# The data
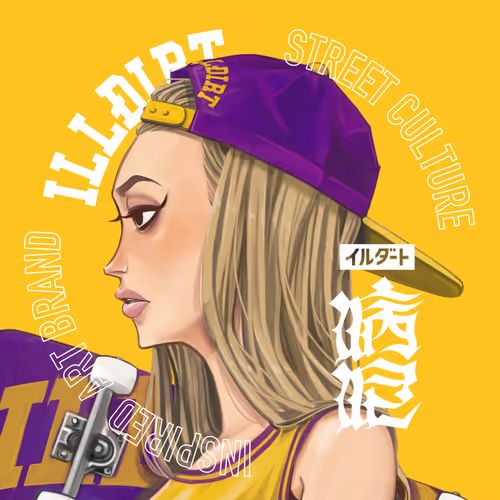Illdirt PROFILE GAL #02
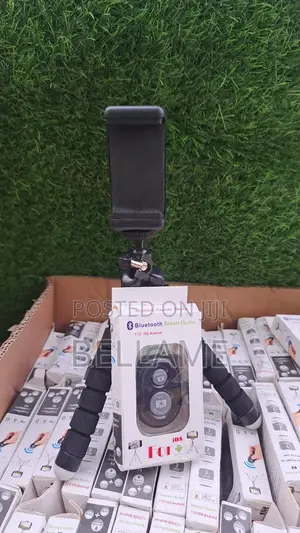 Silicone Tripod Stand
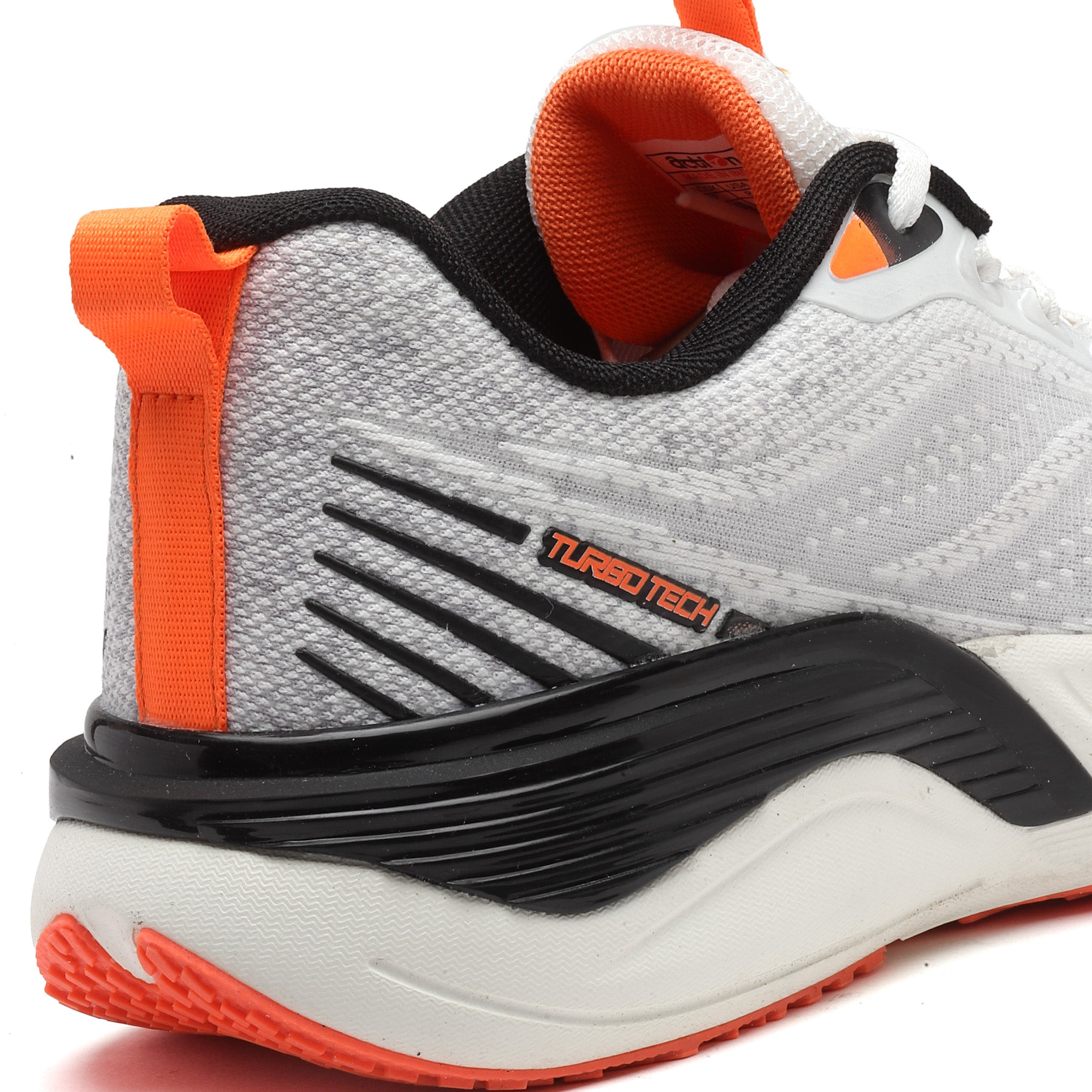 Action Athleo TURBO-1503 Men's Lace-Up Sports Running Shoes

# What to work on
Every line from the one containing "Silicone Tripod Stand" through the last line of the data is to be retyped exactly, with nothing added and no pictures included.

# Answer to this exercise
 Silicone Tripod Stand
 Action Athleo TURBO-1503 Men's Lace-Up Sports Running Shoes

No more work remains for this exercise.